Parody can be fair use (<http://www.law.cornell.edu/uscode/17/107.html>;
caution annoying interstitial) and protected internationally I gather but is
not always. The original costume probably could pass as a parody (or be deemed
personal use) and so be fair use whilst this comic-book image doesn't look
parodical it's just a commercially used derivative in a different media.

Adaptations of other's work (that use a "substantial part") are not allowed
without permission of the original creator.

Tracings? You think it's OK to duplicate someone else's copyright work as long
as you trace it? That's almost the definition of a slavish copy - like
considering copy-pasting the binary presentation of an MP3 to circumvent the
creators rights.

Marvel are presumably distributing this internationally? Remember that fair
use is a lot narrower in some non-USA jurisdictions.

Lastly, is the owner of the convention photo copyright sure that this is a
copy of his image.
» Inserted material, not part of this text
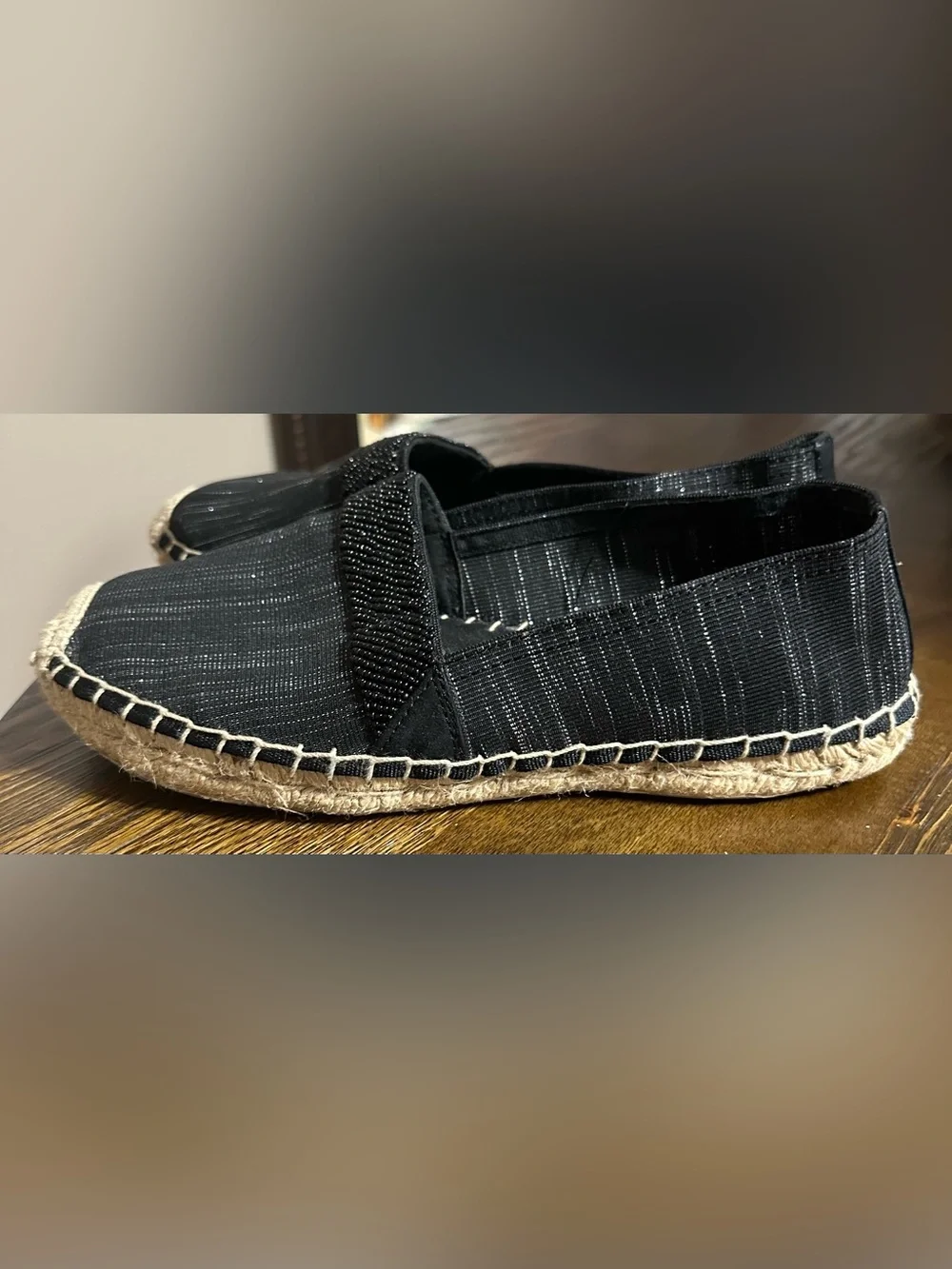Banana Republic Black Espadrille Slip-On Flats with Jute Sole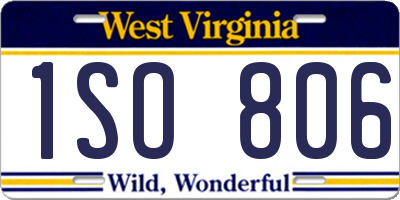 WV license plate 1SO806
Presumably others could have taken pictures of this guy at
the same time?

------
scotty79
I think that's the trouble with the intellectual property rights today.

You feel happy and thrilled that someone used something yours in something
good, but you are afraid that you are sucker for feeling that because course
of action that is touted as moral and right is to sue their asses.

------
iaskwhy
Can't you just be happy about it? I would...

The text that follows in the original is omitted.